O diretor-presidente da agência municipal de trânsito afirmou que a situação atual é insustentável e que há espaço significativo para melhorias. Ele destacou que a intervenção é uma das opções em análise, mas que a decisão final cabe à prefeita. Também participou da audiência o diretor de outra agência reguladora local, que explicou os critérios técnicos para uma possível intervenção, como a necessidade de contar com equipes nas áreas administrativa, financeira, jurídica e operacional.
Entre os problemas apontados, estão 197 ônibus com idade acima do permitido, 15 veículos paralisados por interdição e 13 articulados que ultrapassam os dez anos de uso. Além disso, foram registradas mais de 15 mil autuações entre 2021 e 2025, a maior parte por descumprimento de horários e omissão de viagens.

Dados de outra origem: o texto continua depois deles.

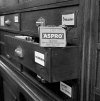 le comprimé d'Aspro
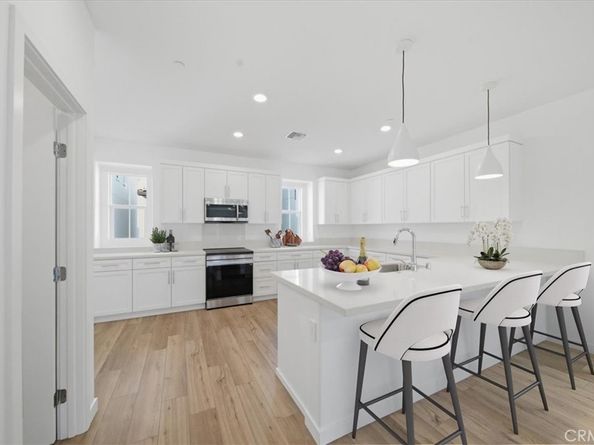 2542 Hepburn Street, South El Monte CA 91733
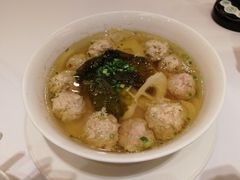-眉州东坡(国贸店)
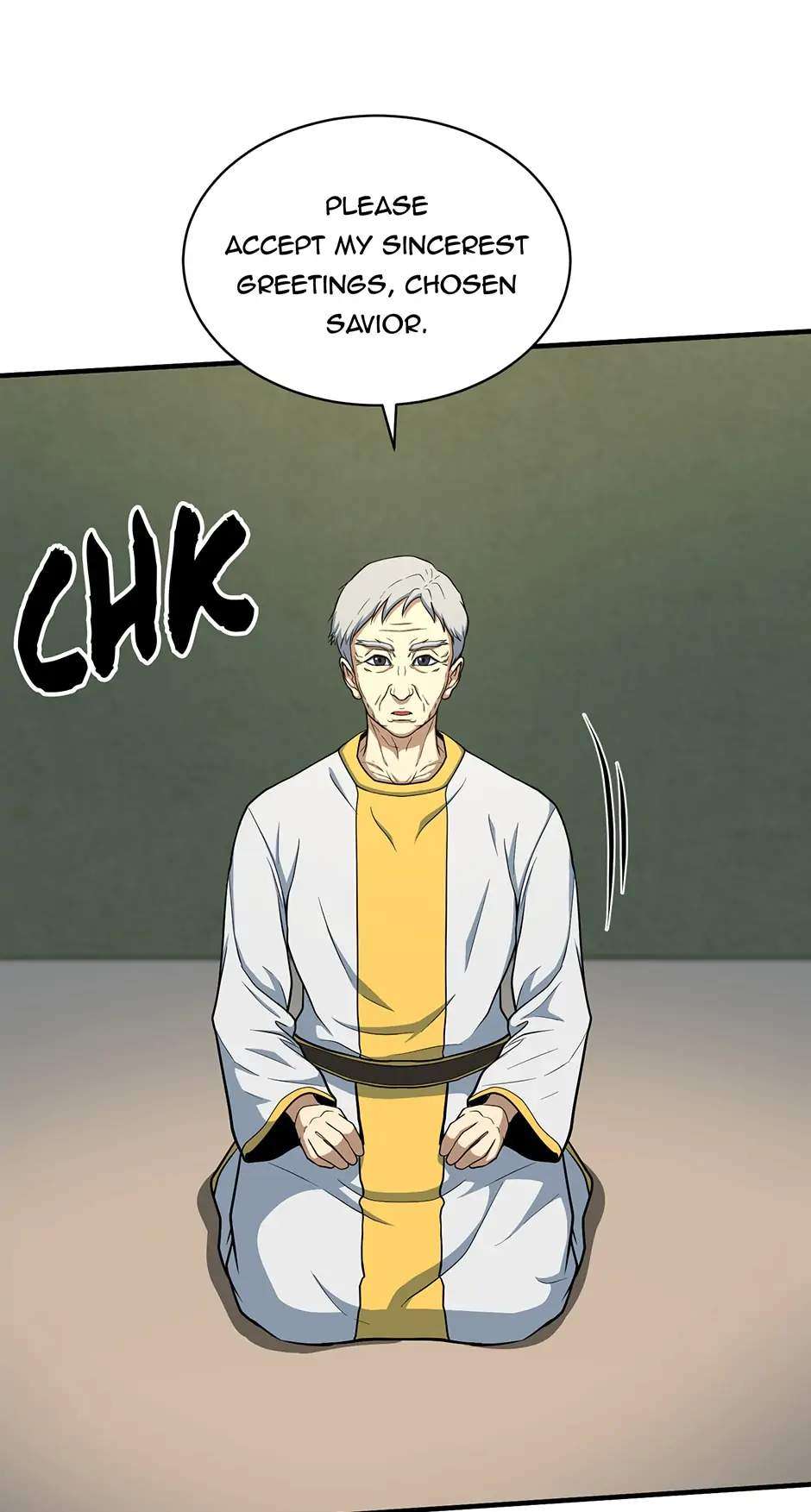 Page 72 of Chapter 71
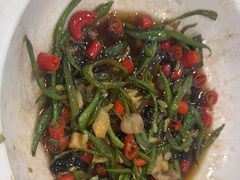 -攸州小镇家湘菜(小米科技园店)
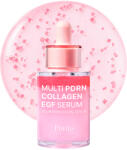 PURITO Multi PDRN Collagen EGF Serum revitalizáló és feszesítő szérum, 30 ml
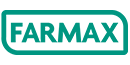 FARMAX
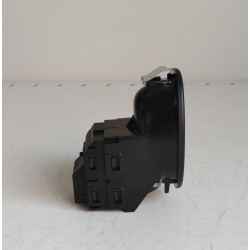 Alzacristallo  Mini Countryman R60 10/16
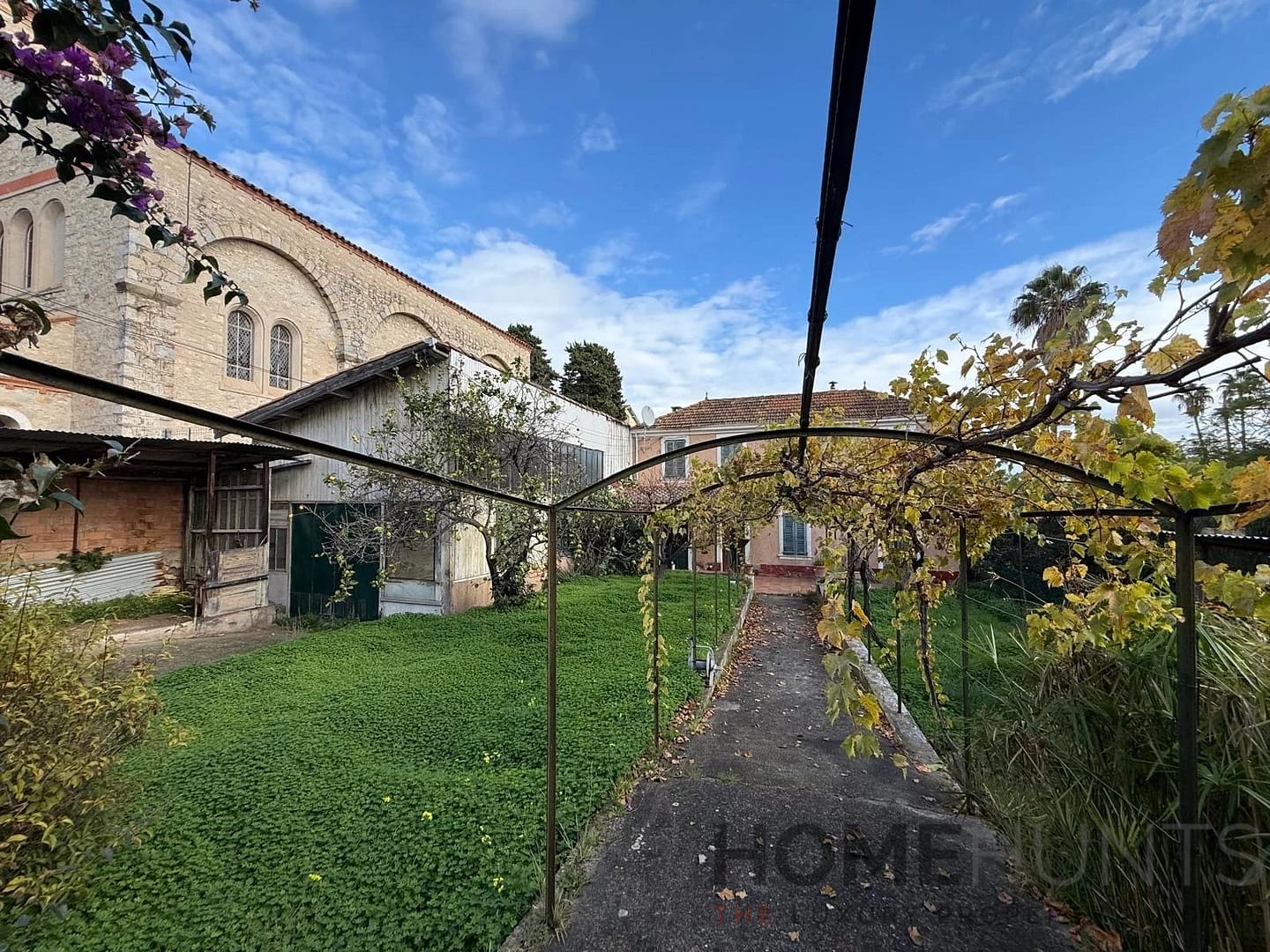 property_HH-15999382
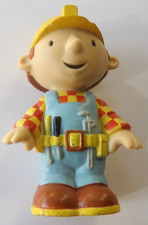 sprechender bob baumeister gebraucht kaufen  Waltershausen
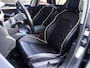 Volkswagen Golf 1.5 TSI Highline 150pk | Leder | 51.013km!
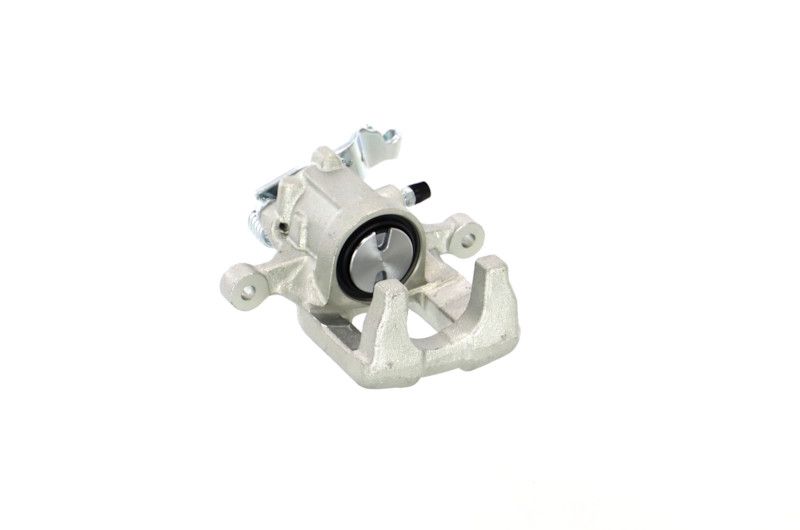 REMANTE 012-001-000169R Brake Caliper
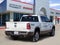 2020 RAM Ram 1500 Laramie Longhorn Crew Cab 4x4 5'7' Box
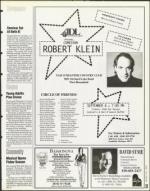 image of August 25, 1995 - number 31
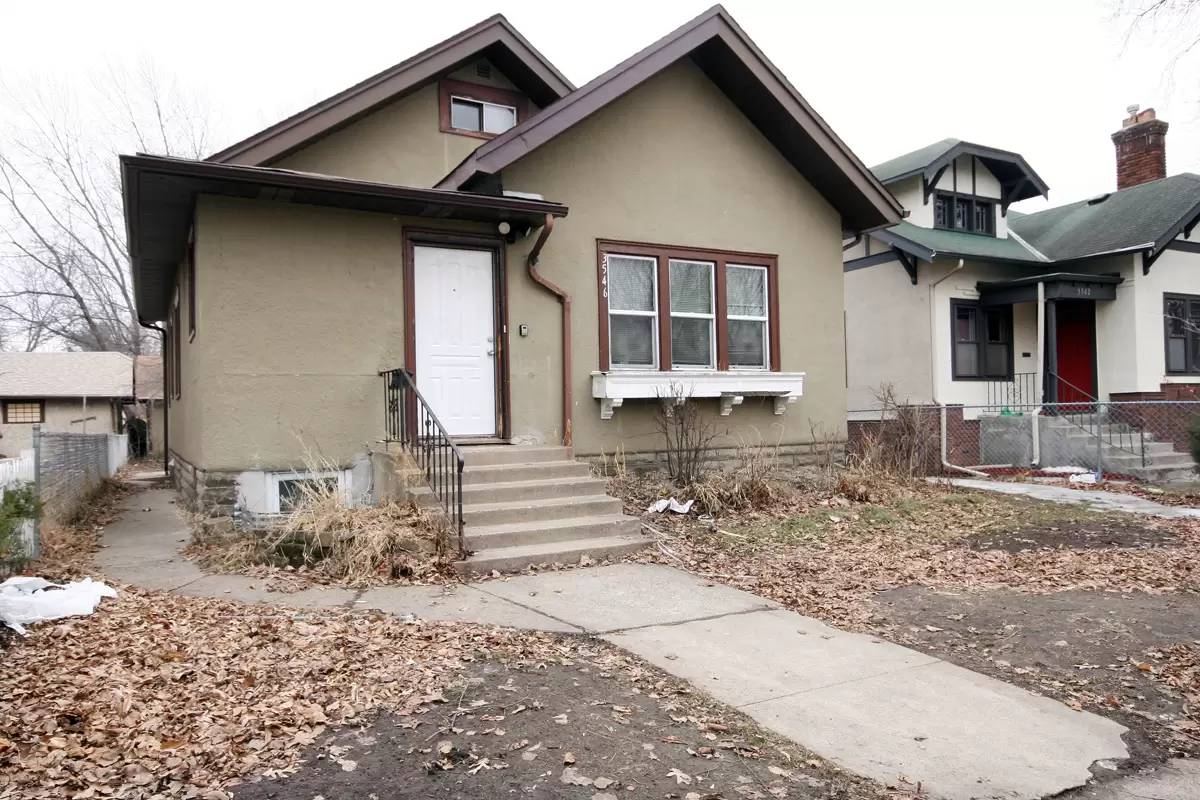 Property Image 1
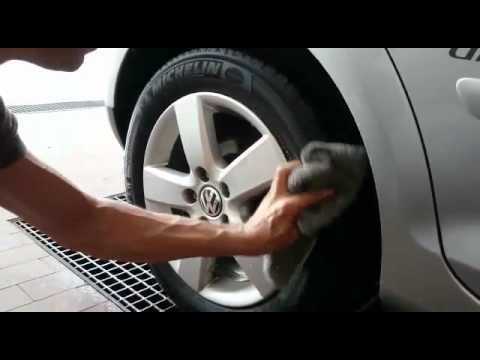 Hurrycane mit Rubber Boy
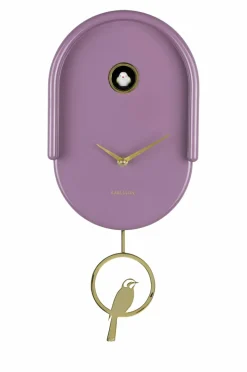 Karlsson Vægur Tweet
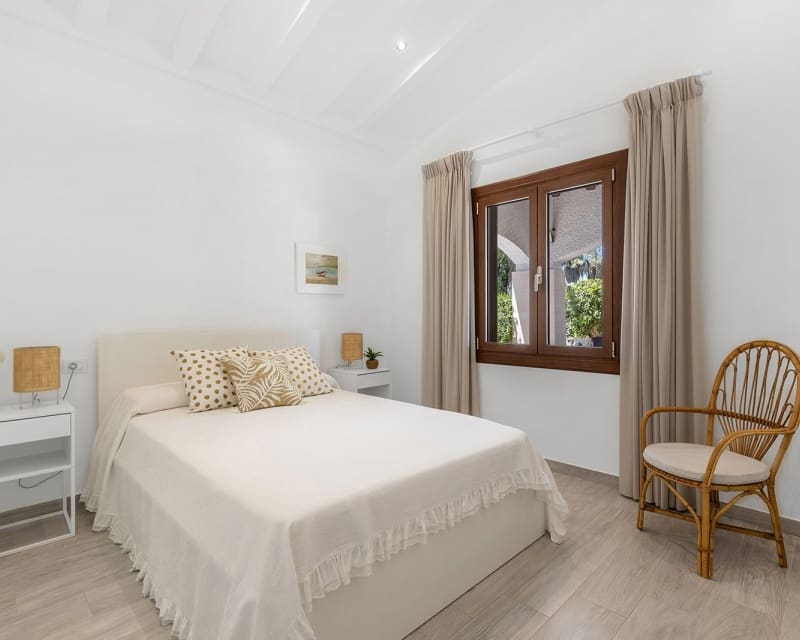 4 slaapkamer Villa te koop in Orihuela Costa - € 749.900 (Ref: 9724913)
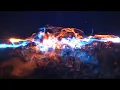 Bouss - J'béou (Paroles/Lyrics)
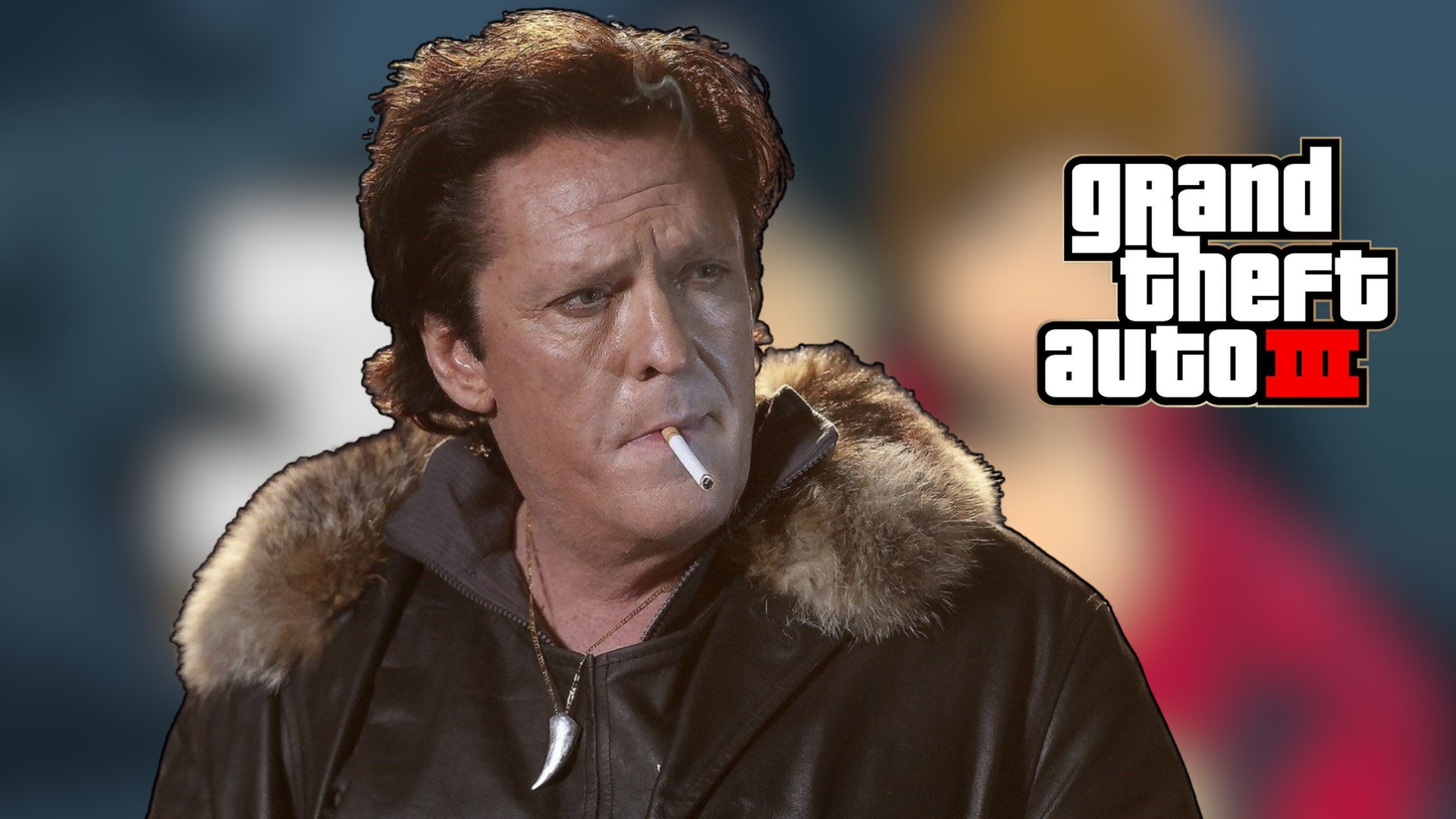 Reservoir Dogs and GTA III Star Michael Madsen Dies at 67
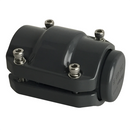 End Caps, 4th Generation, Airpipe - Tube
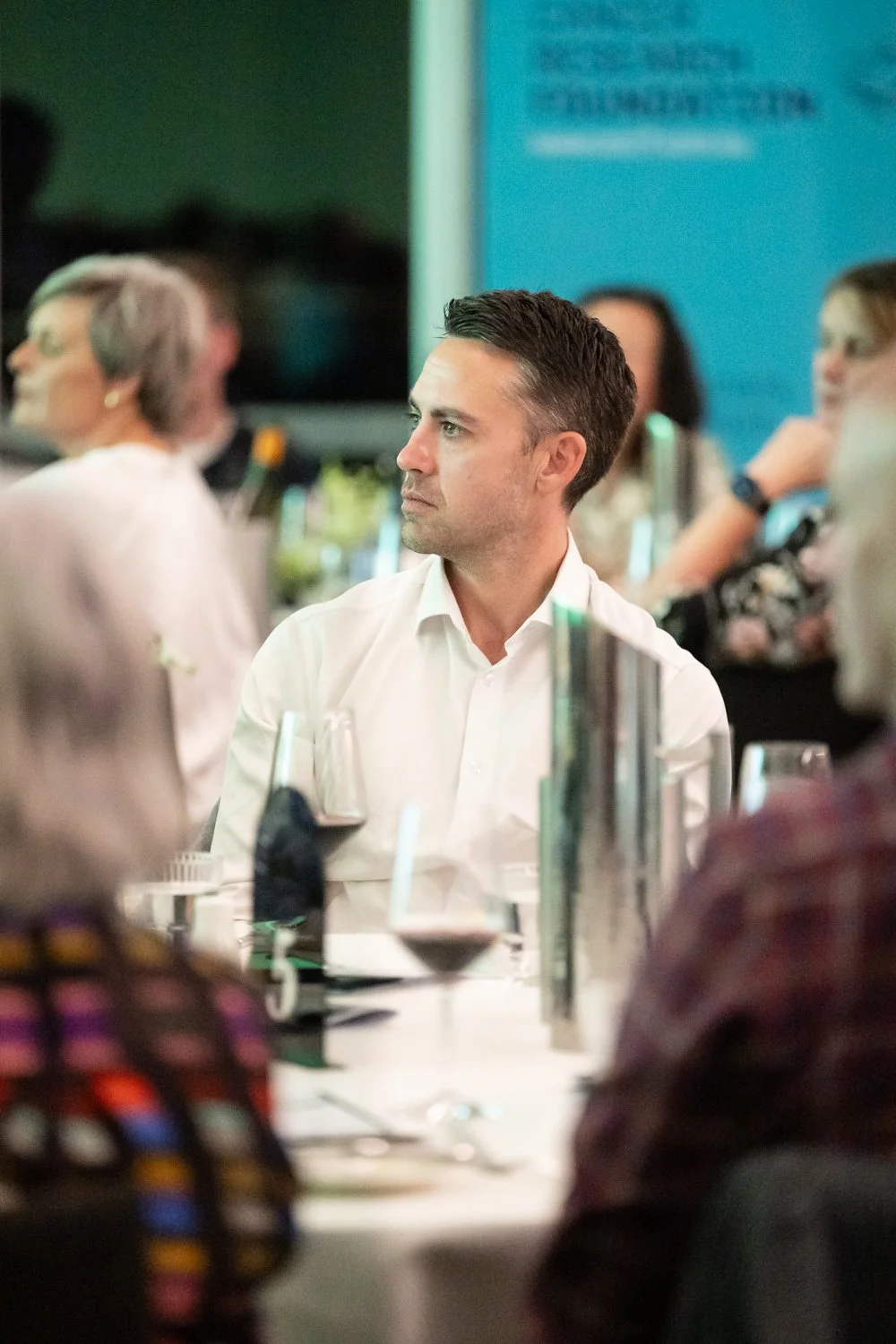 CoopersFoundationGolfDay2026-D (46).jpg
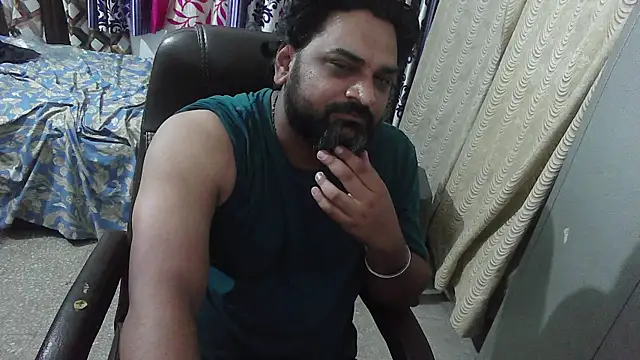 rentarob online show from November 2025 01:25:02 PM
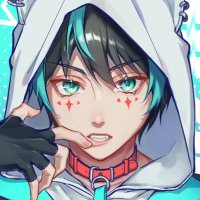 しゅい (@syuuui_zatta) 's Twitter Profile Photo しゅい (@syuuui_zatta) 's Twitter Profile Photo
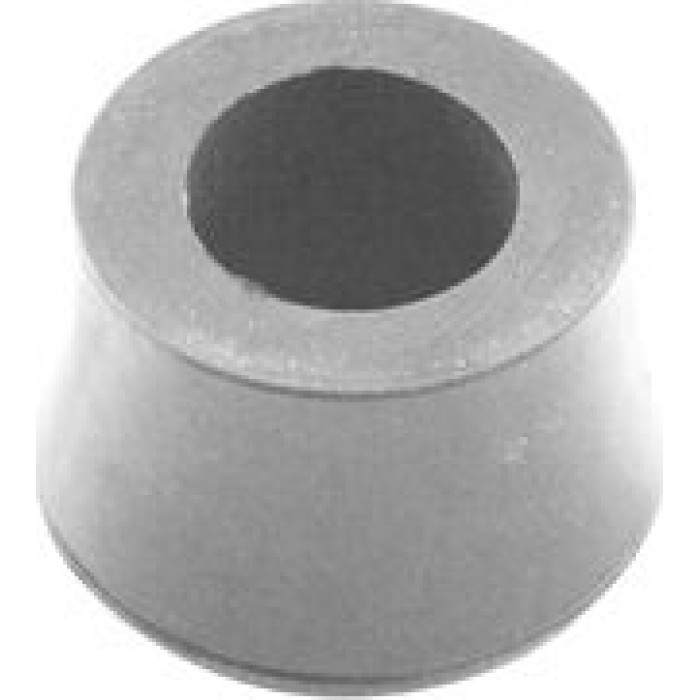 Tedgum TED75940 Lagerung, Lenker Tedgum TED75940 Lagerung, Lenker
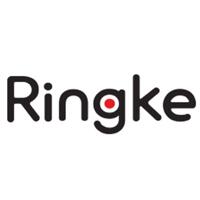 Ringke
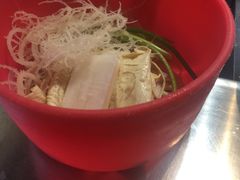 -萝鸡思味秘制泡菜(万家丽店)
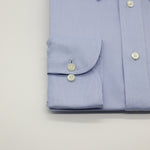 Load image into Gallery viewer, OCBD Shirt - Blue
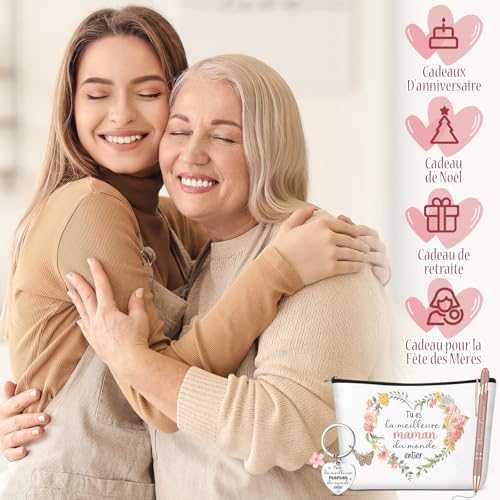 Vignette produit
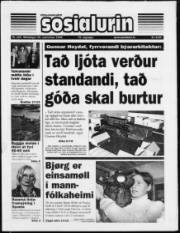 Síða 1
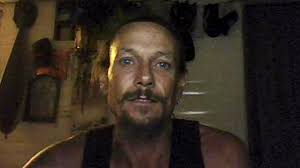 Daniel Morcombe killer stabbed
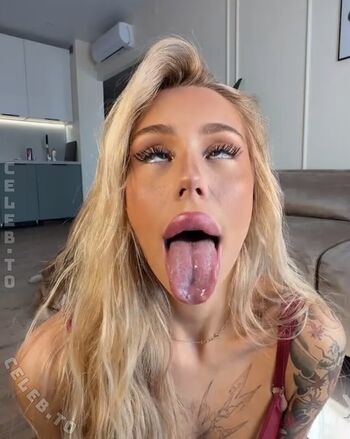 Creambaby1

A procuradora-geral do município informou que o estudo sobre a intervenção atende a uma determinação judicial de dezembro. O prazo original para conclusão era de 60 dias, mas foi prorrogado por mais 30 dias. O relatório deve ser entregue até a próxima segunda-feira. Ela acrescentou que qualquer mudança na composição societária da concessionária, como uma possível venda, precisaria ser previamente aprovada pelo poder público.
Durante a audiência, também foi divulgado que o número de passageiros transportados anualmente caiu pela metade nos últimos anos, passando de 49 milhões para 25 milhões. A reunião contou com a presença de vereadores, especialistas e usuários, que cobraram medidas concretas para melhorar o serviço.